### Your assignment:
Please write out only the lines from the line with "HYUNDAI i10 1.2 Style Automatic-image-5" to the line with "tyrannosaurus selecta [s1175], Hobby", inclusive, exactly as they stand below, without the pictures.

### Exercise data:
-- Opening Marker --
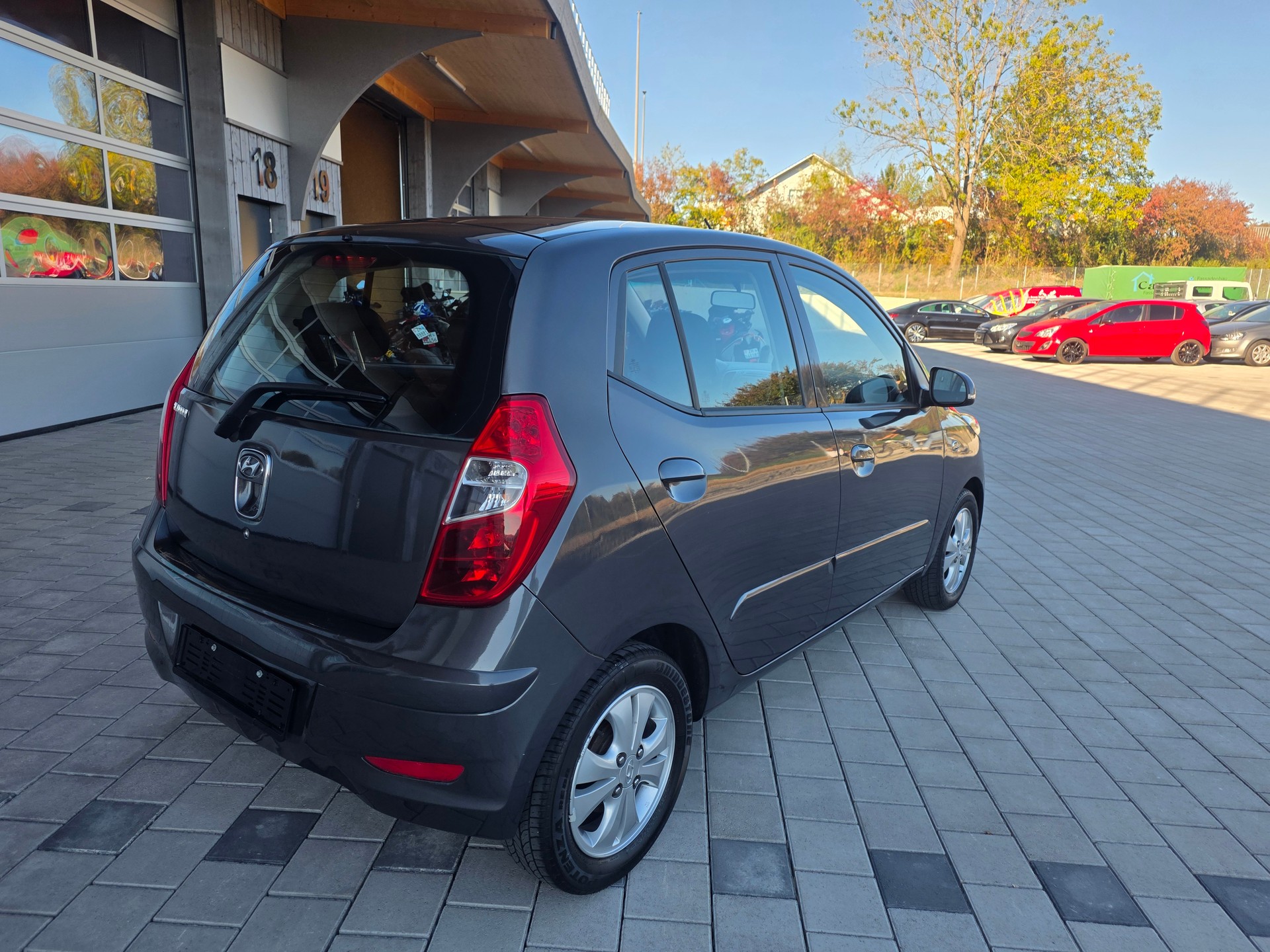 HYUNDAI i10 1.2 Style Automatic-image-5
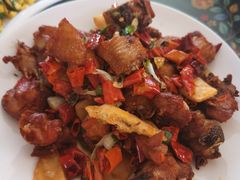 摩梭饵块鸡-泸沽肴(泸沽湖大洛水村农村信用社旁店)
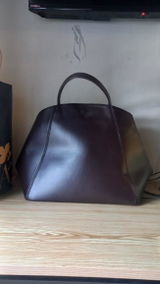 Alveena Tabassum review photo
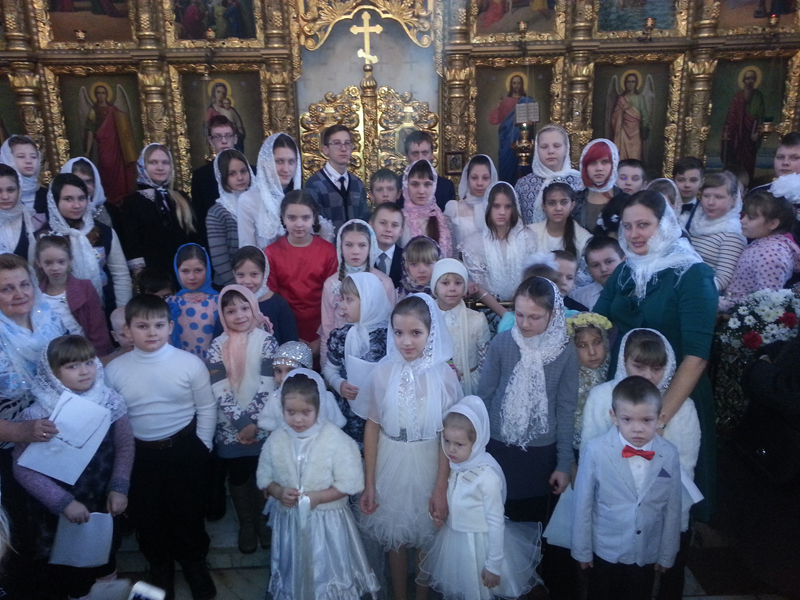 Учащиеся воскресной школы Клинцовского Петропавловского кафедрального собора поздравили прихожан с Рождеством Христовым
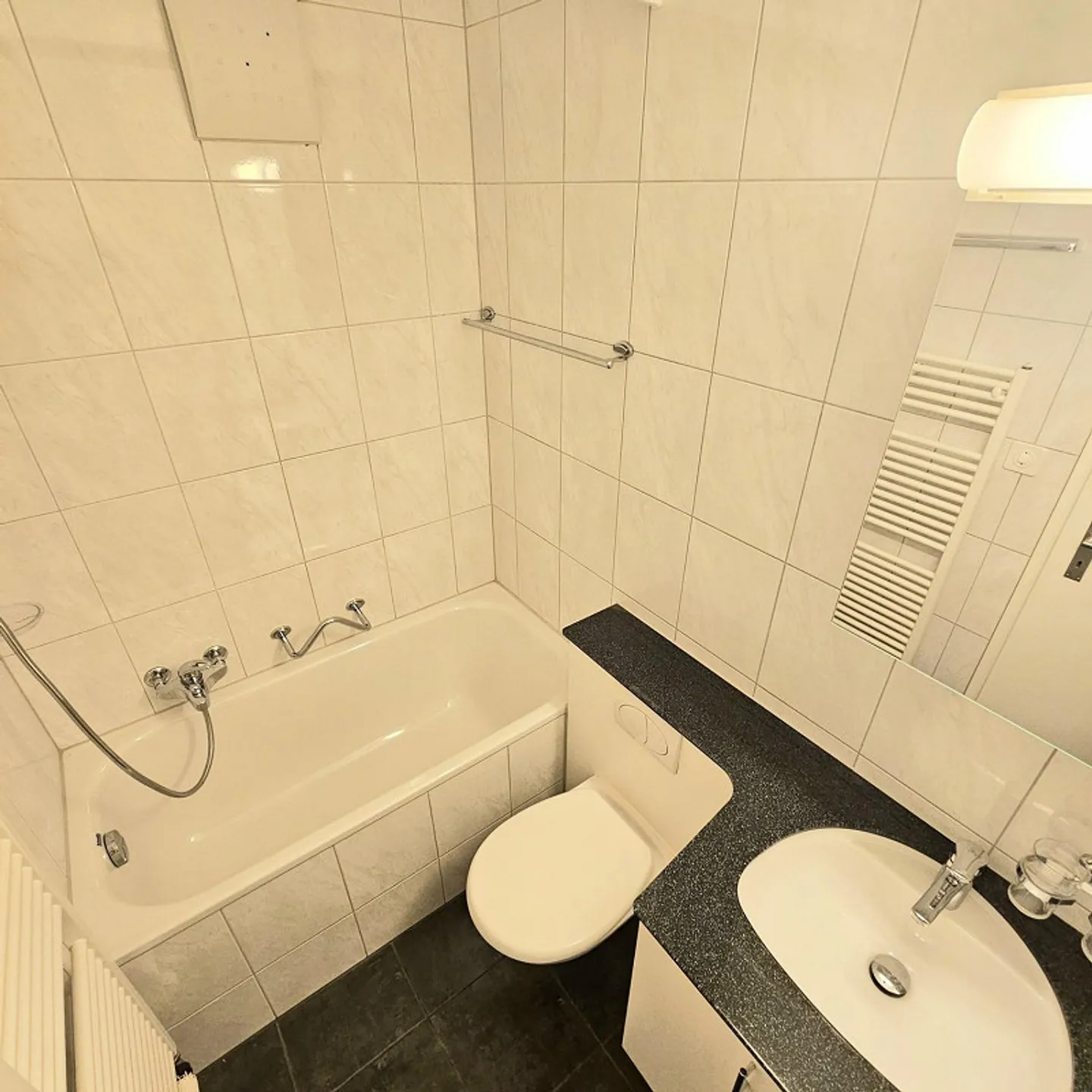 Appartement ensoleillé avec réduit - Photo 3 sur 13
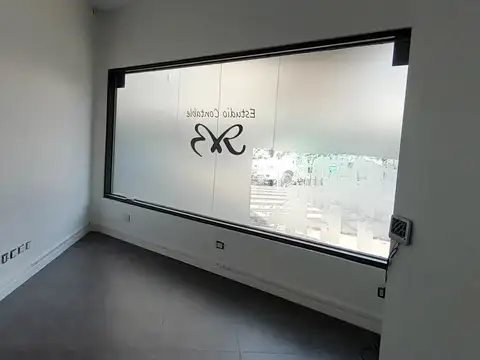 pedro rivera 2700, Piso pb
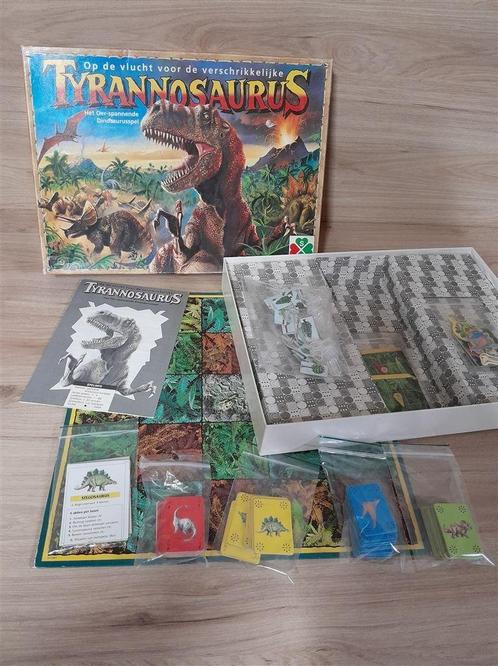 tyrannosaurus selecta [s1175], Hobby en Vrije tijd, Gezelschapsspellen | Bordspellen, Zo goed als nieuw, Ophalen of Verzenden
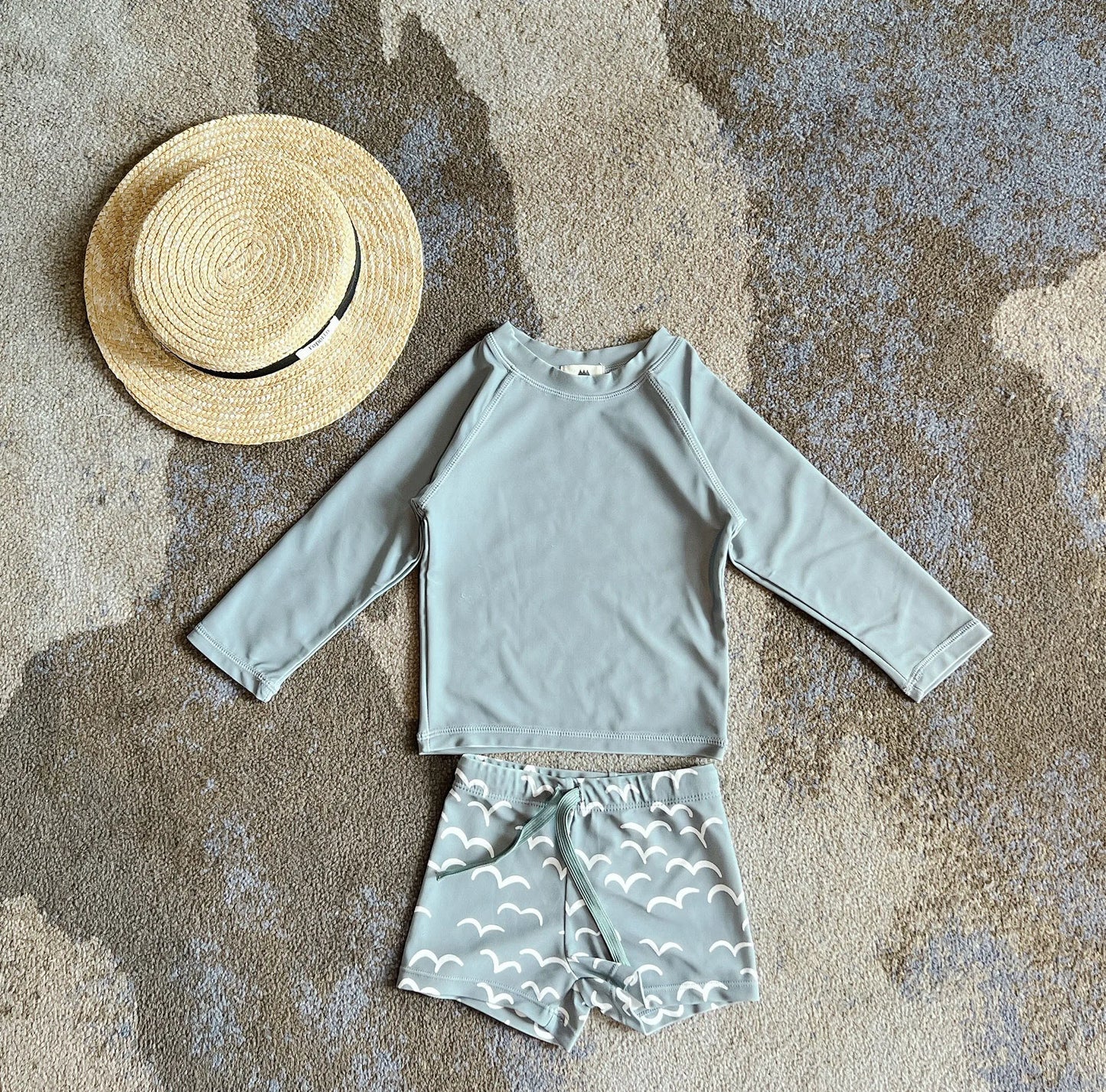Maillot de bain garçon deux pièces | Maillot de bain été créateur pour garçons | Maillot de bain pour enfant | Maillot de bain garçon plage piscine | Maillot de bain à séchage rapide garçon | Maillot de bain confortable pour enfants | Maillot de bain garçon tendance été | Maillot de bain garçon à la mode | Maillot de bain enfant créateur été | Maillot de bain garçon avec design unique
-- Closing Marker --
-- Opening Marker --
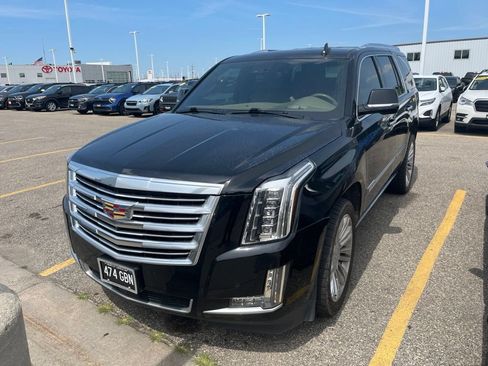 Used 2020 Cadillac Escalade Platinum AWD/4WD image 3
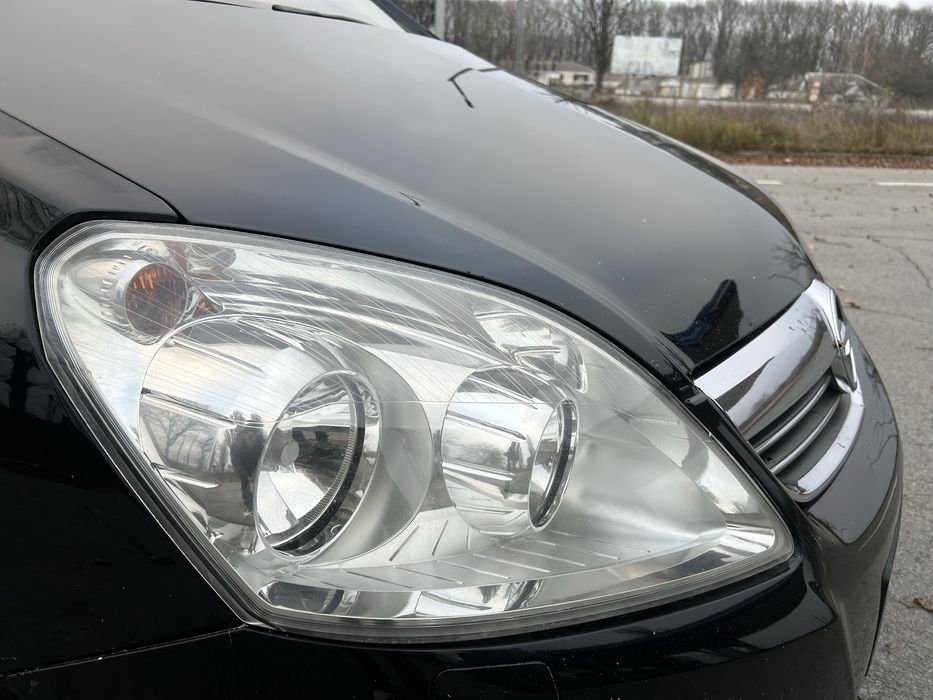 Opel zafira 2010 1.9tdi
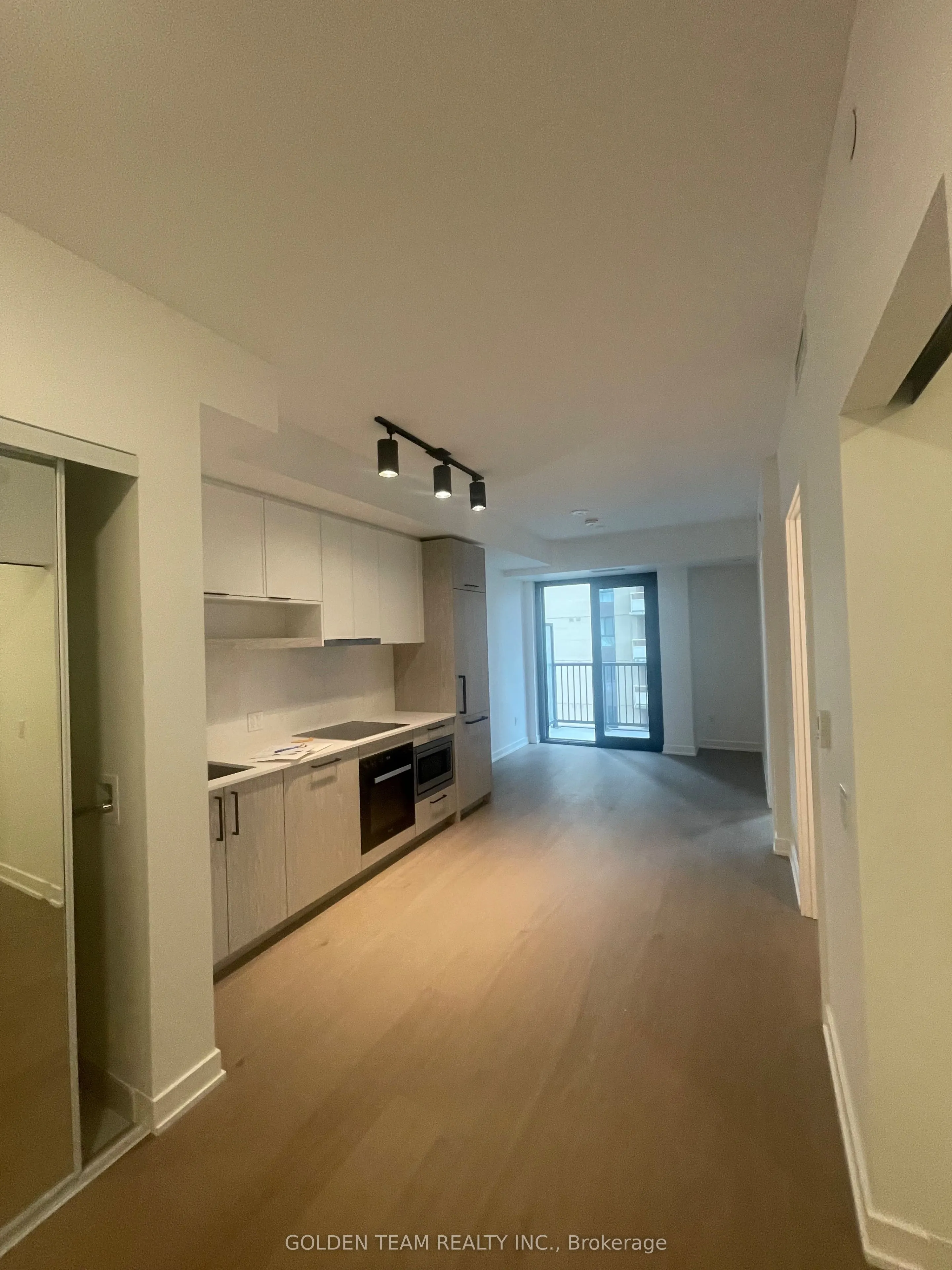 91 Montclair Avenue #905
-- Closing Marker --
### Solution to the exercise:
 HYUNDAI i10 1.2 Style Automatic-image-5
 摩梭饵块鸡-泸沽肴(泸沽湖大洛水村农村信用社旁店)
 Alveena Tabassum review photo
 Учащиеся воскресной школы Клинцовского Петропавловского кафедрального собора поздравили прихожан с Рождеством Христовым
 Appartement ensoleillé avec réduit - Photo 3 sur 13
 pedro rivera 2700, Piso pb
 tyrannosaurus selecta [s1175], Hobby en Vrije tijd, Gezelschapsspellen | Bordspellen, Zo goed als nieuw, Ophalen of Verzenden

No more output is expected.